The school board in Gobles, a 1,000-student district on Lake Michigan, voted Feb. 14 to send Gov. James J. Blanchard an iou for $15,000 representing the state income tax deducted from the pay of the district's 89 employees.

Gobles school officials say they will keep the quarterly payment, due March 15, in a bank account until Governor Blanchard releases $142,000 in state aid to the district.

Last month, the Governor deferred $500 million in aid to schools and local governments to avert a cash-flow crisis. He has not said how long the aid will remain frozen.

Gobles officials concede their protest may get them into trouble. "I suspect we may hear from the state," said Superintendent Gerald Bosshard.

"I don't know who they're going to put in jail if it should come to that," he added, but he conceded he has packed his toothbrush just in case.

State officials say arrests are unlikely but they plan to deal swiftly with the tax protest. Deputy State Treasurer Douglas Trezise said his department will "quickly inform Gobles officials about the added interest in penalties attached to delinquent payments."

He added, "If we have to, we can take the assessment out of future state aid. I am hoping we won't be forced to do that."

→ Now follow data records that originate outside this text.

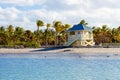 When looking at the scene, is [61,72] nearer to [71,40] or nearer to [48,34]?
[71,40]

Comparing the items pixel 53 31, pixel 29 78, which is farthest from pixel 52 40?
pixel 29 78

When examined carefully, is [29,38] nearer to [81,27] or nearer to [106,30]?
[106,30]

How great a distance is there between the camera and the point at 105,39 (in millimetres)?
105000

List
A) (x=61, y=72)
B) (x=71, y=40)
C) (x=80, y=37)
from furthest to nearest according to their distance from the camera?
(x=71, y=40), (x=80, y=37), (x=61, y=72)

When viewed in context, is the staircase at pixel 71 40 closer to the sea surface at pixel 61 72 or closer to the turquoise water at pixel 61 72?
the sea surface at pixel 61 72

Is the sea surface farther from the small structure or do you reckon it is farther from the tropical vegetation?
the tropical vegetation

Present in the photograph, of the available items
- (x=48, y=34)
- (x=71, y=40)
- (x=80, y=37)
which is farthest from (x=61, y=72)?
(x=48, y=34)

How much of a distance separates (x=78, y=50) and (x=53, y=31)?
147 ft

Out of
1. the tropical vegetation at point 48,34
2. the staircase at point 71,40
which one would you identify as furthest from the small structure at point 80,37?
the tropical vegetation at point 48,34

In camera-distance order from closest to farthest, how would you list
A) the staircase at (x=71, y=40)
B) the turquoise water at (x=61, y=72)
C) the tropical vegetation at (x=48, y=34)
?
the turquoise water at (x=61, y=72)
the staircase at (x=71, y=40)
the tropical vegetation at (x=48, y=34)

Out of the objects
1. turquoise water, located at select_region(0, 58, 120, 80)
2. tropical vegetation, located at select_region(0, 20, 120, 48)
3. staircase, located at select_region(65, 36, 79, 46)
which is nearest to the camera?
turquoise water, located at select_region(0, 58, 120, 80)

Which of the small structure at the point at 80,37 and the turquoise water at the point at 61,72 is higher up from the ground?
the small structure at the point at 80,37

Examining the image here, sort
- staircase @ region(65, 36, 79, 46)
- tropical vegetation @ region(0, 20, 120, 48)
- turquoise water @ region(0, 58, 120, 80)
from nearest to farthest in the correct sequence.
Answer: turquoise water @ region(0, 58, 120, 80)
staircase @ region(65, 36, 79, 46)
tropical vegetation @ region(0, 20, 120, 48)

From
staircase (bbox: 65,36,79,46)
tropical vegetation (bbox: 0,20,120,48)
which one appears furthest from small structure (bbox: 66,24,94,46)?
tropical vegetation (bbox: 0,20,120,48)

Mr. Trezise said districts with severe financial problems sometimes send income-tax payments in late, but he could not remember similar tax protests in his eight years with the treasury department.

Mr. Bosshart said the school board became frustrated while struggling to draft the district's budget without knowing how much state aid to expect.

"Last year, we lost $52,000 in executive-order cuts" under former Michigan Gov. William Milliken, Mr. Bosshard said, "There's a good chance we won't see the money this year."

The Gobles board's decision came without the advice of its lawyer and over the objections of its president, David Barber, who was outvoted six to one.

"I just don't like to see us doing anything illegal," Mr. Barber said. "We've got no right to fool around with the employees' paychecks. It sets a bad example for the students."